水路の傍らの日向。少しだけ離れた場所で、マグマラシが見守るかのように居た。己の元へと少女が満面の笑みのままやって来れば、横たえていた体を起こし、抱えていたふわふわのバスタオルを彼女に渡す。




『…コテツの匂いがする!』

『…マァグ』

『ずっと抱えてくれてたからだねぇ』




淡いブルーが幾らか濃くなっていた。コテツが再びゆったりと伏せ、その藍色の背に覆いが被されて。少女は水路へと戻っていく。この陽気であるなら、そう間を置かずに、青は元のパステル調に色を変える事だろう。それに、自分の高い体温も有るから。
火鼬は目を細め、楽しげな笑い声のする眩しい光景を眺めに戻るのだった。




世界には、伝説として云われるポケモンが数種、存在する。アルトマーレもまた、それらが伝わる地であった。――水の都の護り神と。2種はそう、呼ばれている。


少女は時たま、この特別なモノ達とも遊ぶ事が有った。白に青と白に赤の、1対。アルトマーレでは有名なポケモンであった。故に彼と彼女がどういう存在なのであるかはよく解っていたが、それでいて少女は無邪気に、子供特有のものばかりでは無い、澄んだ心のままに。
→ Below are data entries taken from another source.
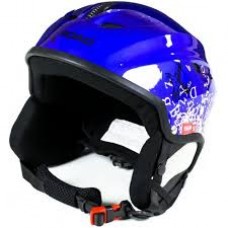 Шлем X-Road VS 670 Blue-Co-p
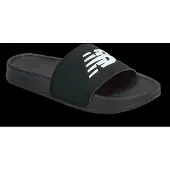 New Balance 200 Black White - EU 38.5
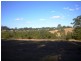 100-108 Main Street, Eungai Creek NSW 2441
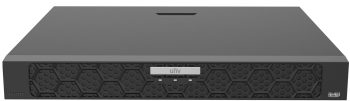 Upgrade your security system with NVR502-08B-P8, a powerful and reliable NVR that allows you to monitor and protect your property with ease.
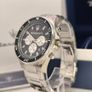 Maserati men's watch Image 6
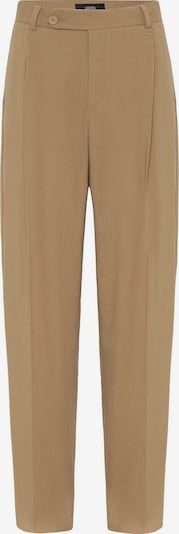 Antioch Suorat housut värissä kameli, Tuotenäkymä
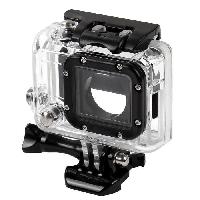 coque-housse-etui-photo-optique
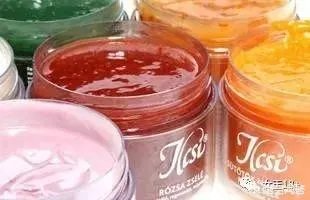 刘星敷面膜被吐槽是涂改液，到底涂抹式面膜哪家强？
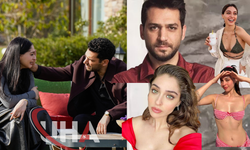 Zeynep Karakterinde Kendi Hikâyemi Buldum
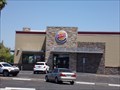 Image for Burger King - W. Indian School Rd - Phoenix, AZ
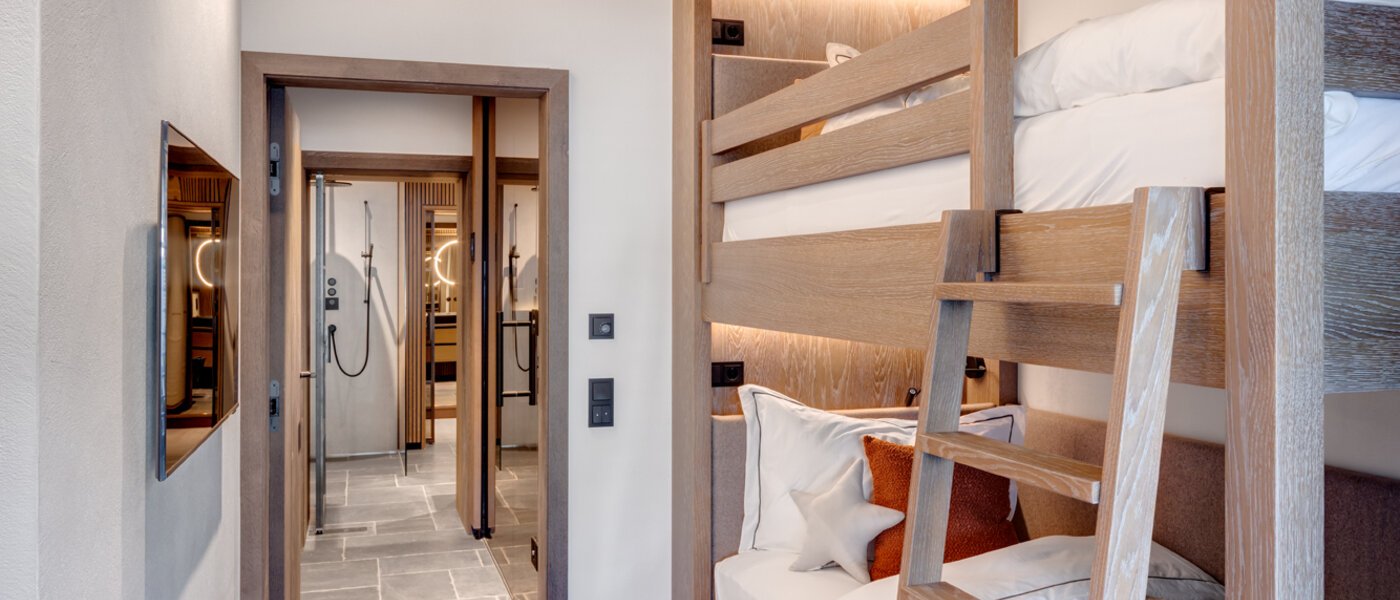 apartamento Bad Wiessee 02 2. dormitorio 14219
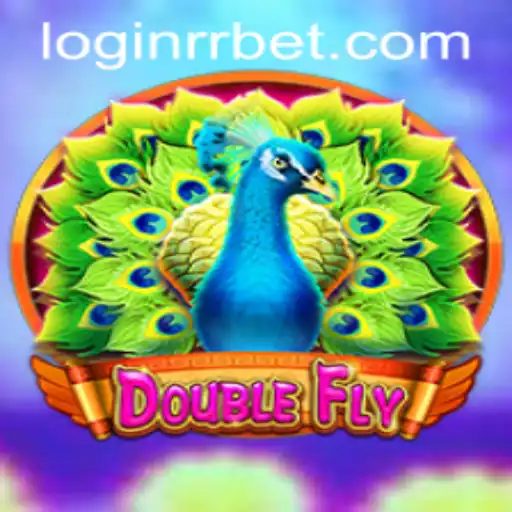 DoubleFly Game: An Exciting Exploration for rrbet PH Login Users
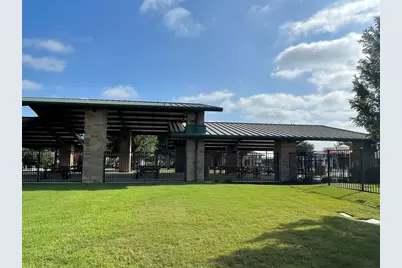 170 Brazil Drive, Buda, TX 78610 - Photo 23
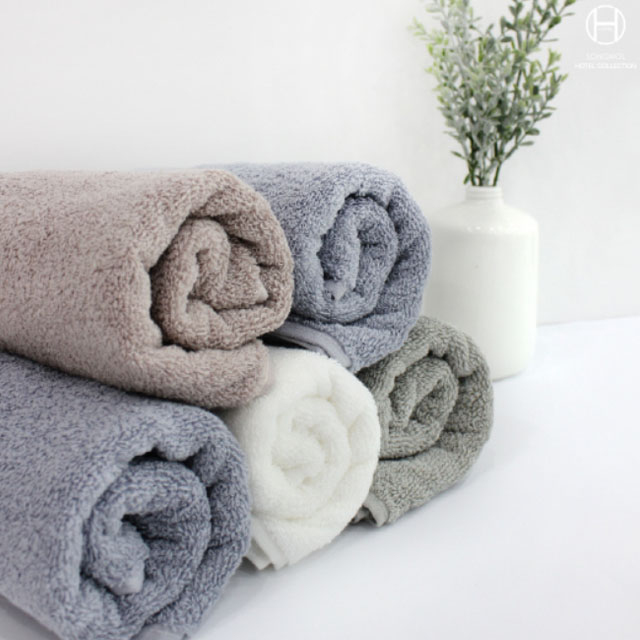 <b><p>Celebratory Wedding ceremony Tow ws A picnic</p></b><b><p>記念タオル 結婚式 喜寿 ピクニック ゴフイヨン ウェディング進物 厚い ホテル</p></b><br /><br /><p align='center'>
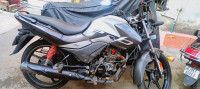 Hero Passion Pro i3s 2021 Model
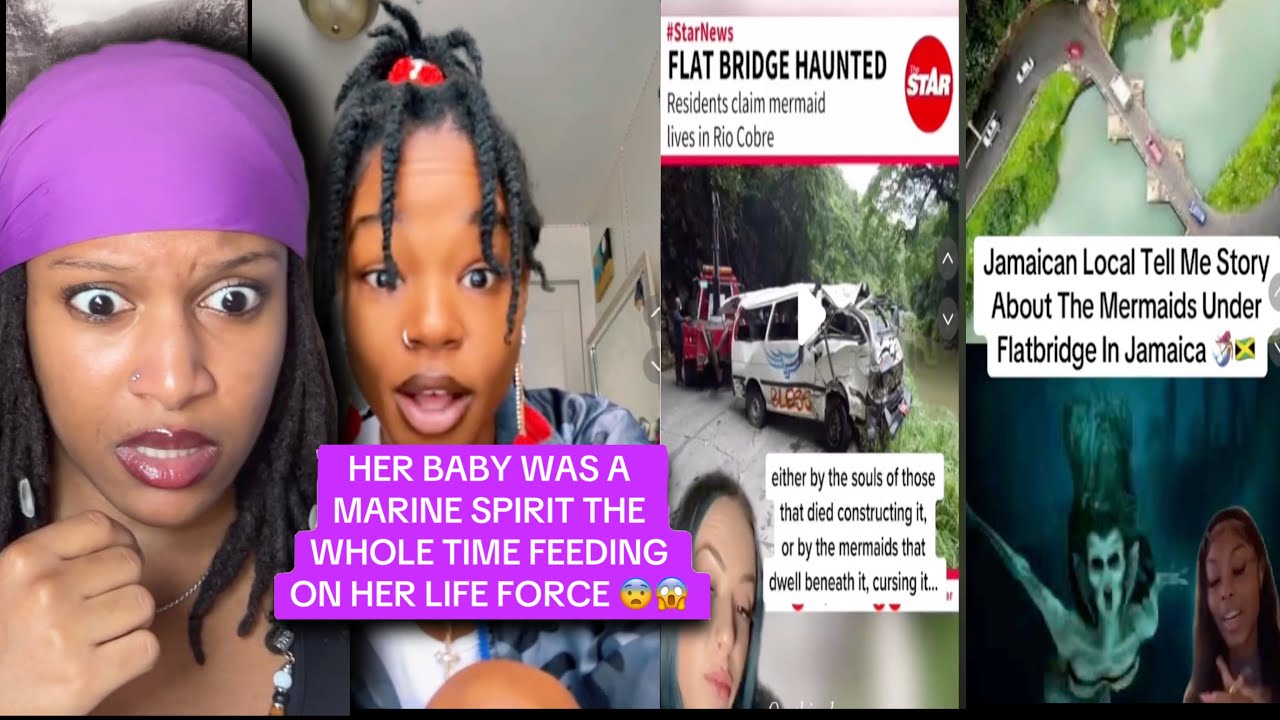 АФРИКАНСКИЕ ДУХИ ВОДЫ С МЁСТИТЕЛЬСТВОМ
『いつもそこに居るの、わかってるよ。ね、一緒に遊ぼう?』




隠している姿をどうして見付けられたのだろうか、何故わかったのだろうか。ラティアスは困惑しながらも、その言葉に魅かれ、笑ってそう言う子供の内面に惹かれ、ゆっくりと能力を解いたのであった。
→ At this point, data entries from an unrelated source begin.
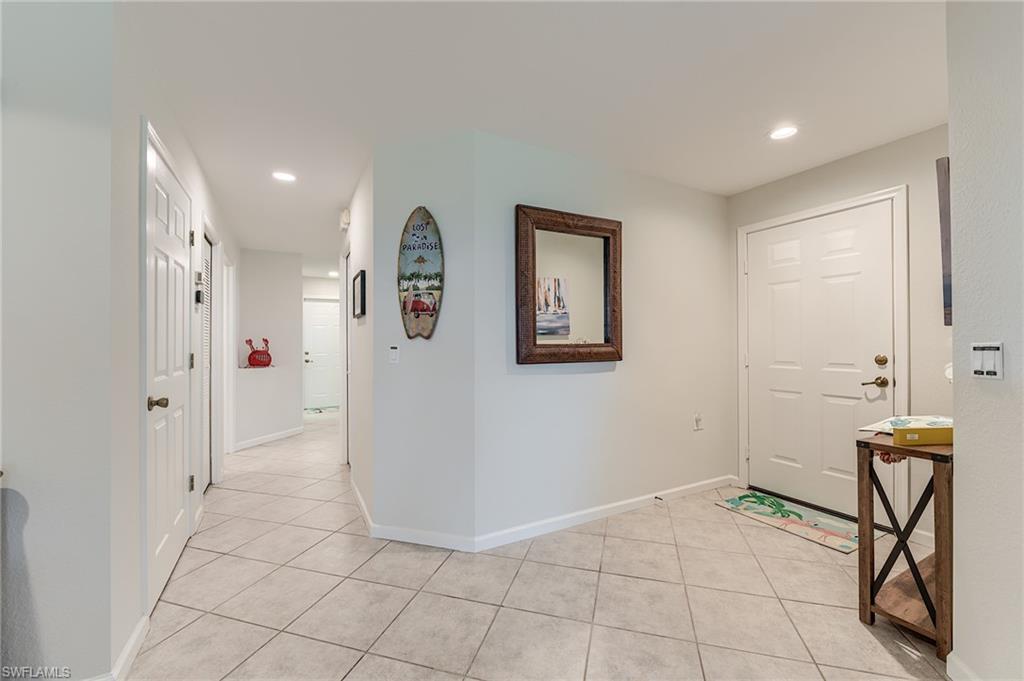 22971 Rosedale Drive, Unit 101 Estero, FL 34135 - Photo 26 of 43
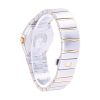 Omega Constellation Pre Owned Watch Ref 795-1011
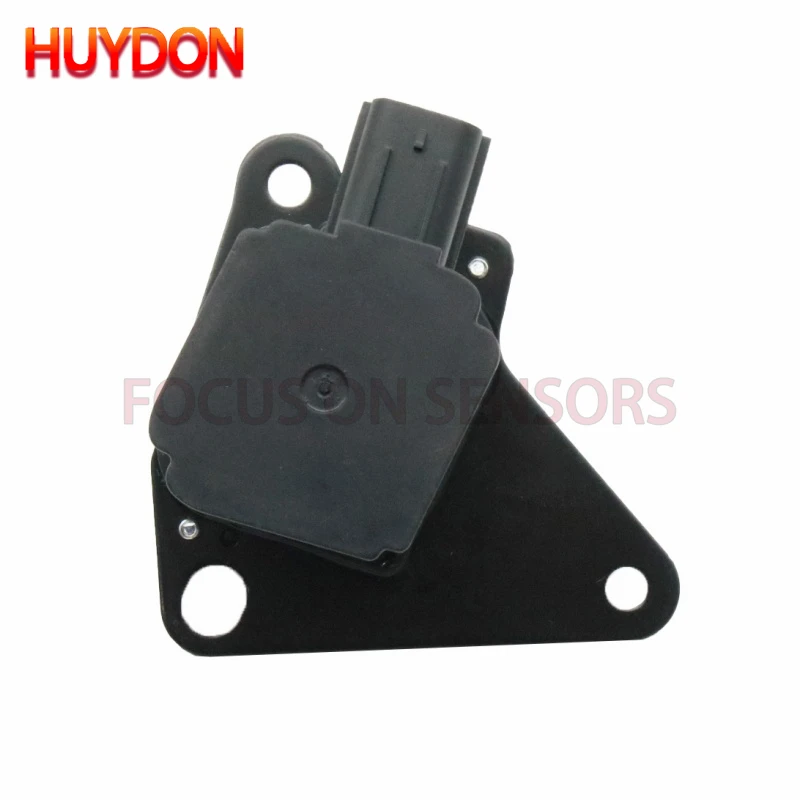 4884549AD Intake Manifold Runner Control Valve For Jeep Compass Compass Dodge Caliber Journey Avenger Chrysler Sebring 4884549AB view 3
種族としては繊細でありがらも、好奇心旺盛で無邪気な部分が有った赤。対して青は、幾らか警戒心の強い個体であったらしい。ラティアスと少女が遊ぶようになってしばらくの後に、ようやく彼も姿を現して加わったのだった。とは言え、ラティオスはよく、コテツと共に見守る様にて在ったのだが。
貴方達は兄妹か、或いは番いなのかと少女が訊ねる。2匹がとても、仲睦まじくあったからである。




『えーっと、お兄ちゃん、と、妹?』

『ヴァルル』
『パルゥ!』

『そっか!…へへ、あのねー、私とコテツもね、私が妹でコテツがお兄ちゃんみたいだねってよく言われるんだー。一緒だね!』




頷いた彼らに彼女は笑った。陽射しの下で眩しい白達と、同じ、だ。そうしてマグマラシの首元に嬉しそうに抱き着く少女と、静かに目を瞑り小さく擦り寄るコテツを見て、この地とこの近海を見護り続けてきた兄妹は、表情を緩め微笑むのだった。
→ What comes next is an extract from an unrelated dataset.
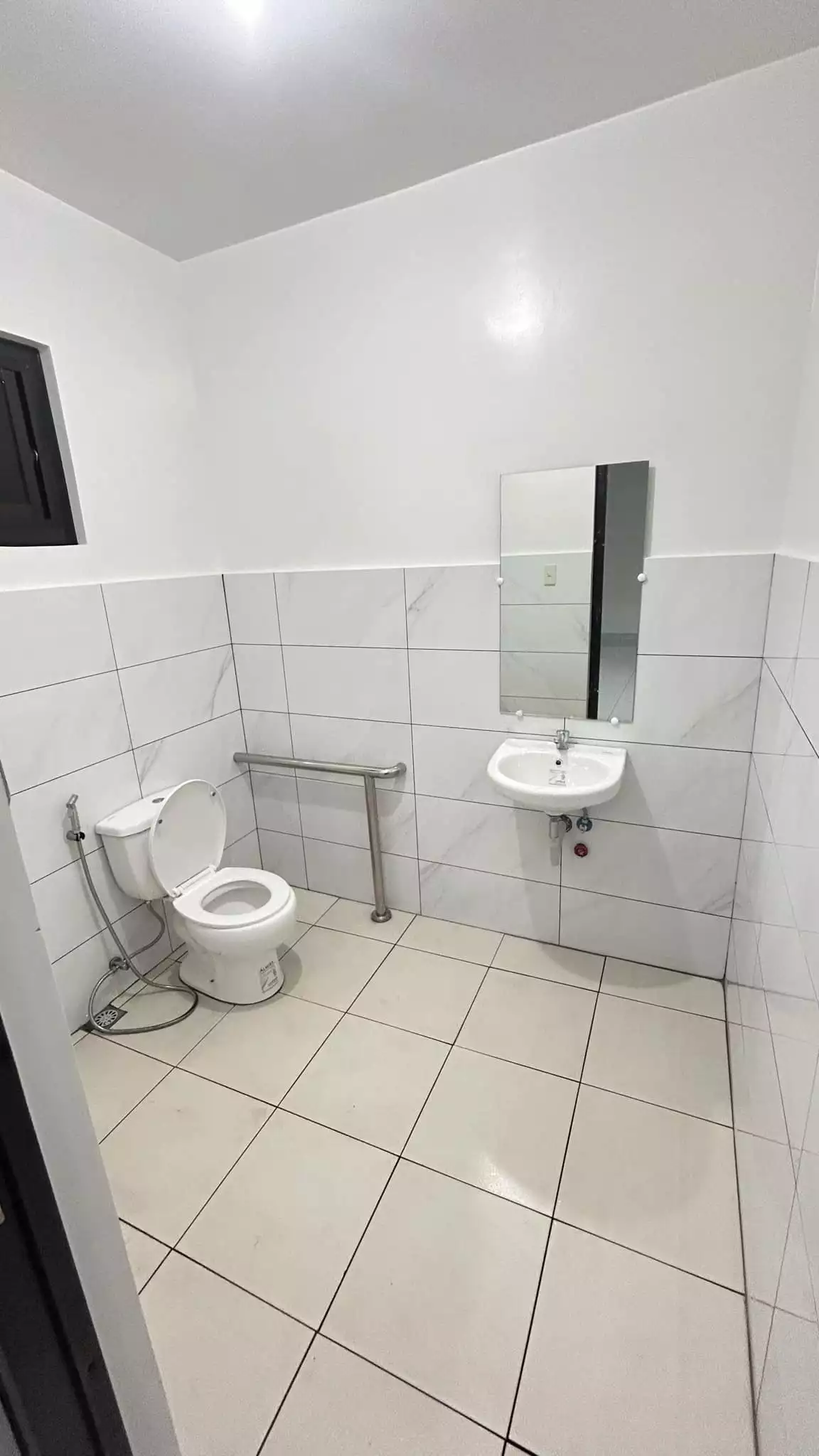 Commercial Spaces For Rent Near IBED Lagao — Space in General Santos City, South Cotabato, Philippines — Photo 5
住み処とする秘密の園への帰り道。彼女は兄へ、言う。レンは呼び水を入れた水瓶だね、と。彼は肯いた。妹の言い表すその通りだろう。あの子供は、水を呼ぶ――海を呼ぶ。
少女が笑えば、街の外からさざなみの音が聴こえた。それは決して、己らの背を嫌に撫ぜてはせせら笑うものでは無い。穏やかに、優しく。おいでと囁いて微笑む、顔も知らぬ母かのように。